- SUPPLIED INFORMATION -
+++

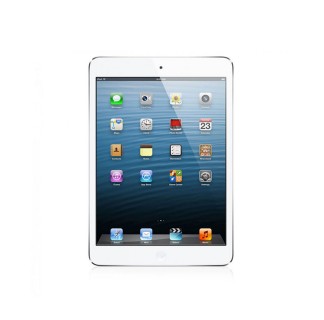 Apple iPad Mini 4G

+++

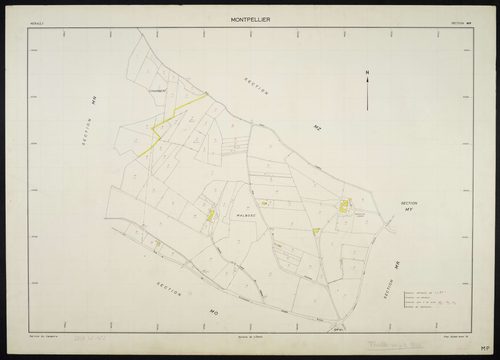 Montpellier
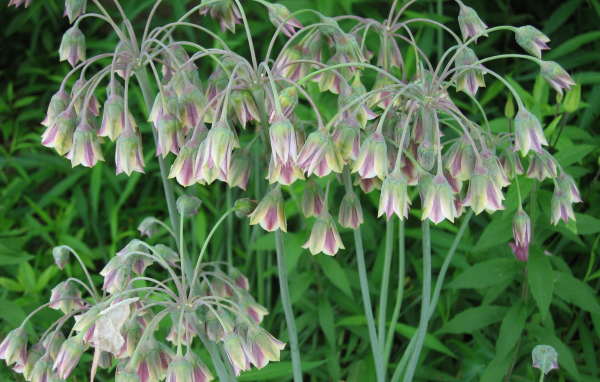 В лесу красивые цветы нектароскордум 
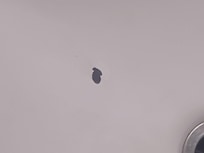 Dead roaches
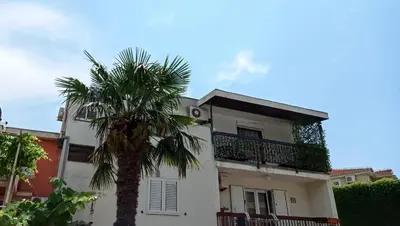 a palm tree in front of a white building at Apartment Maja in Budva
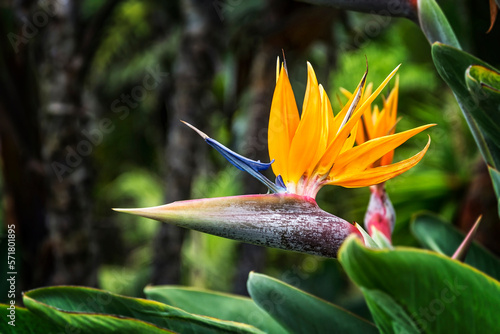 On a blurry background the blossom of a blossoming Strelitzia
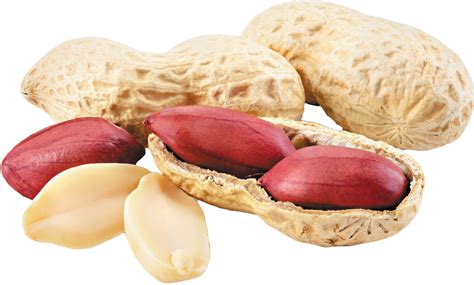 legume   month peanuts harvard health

+++

- DIRECTIONS -
What you write out is the stretch of entries from the line containing "Montpellier" to the line containing "peanuts harvard health", word for word, with both end lines and no pictures.

- RESULT OF THIS EXERCISE -
 Montpellier
 В лесу красивые цветы нектароскордум 
 Dead roaches
 a palm tree in front of a white building at Apartment Maja in Budva
 On a blurry background the blossom of a blossoming Strelitzia
 legume   month peanuts harvard health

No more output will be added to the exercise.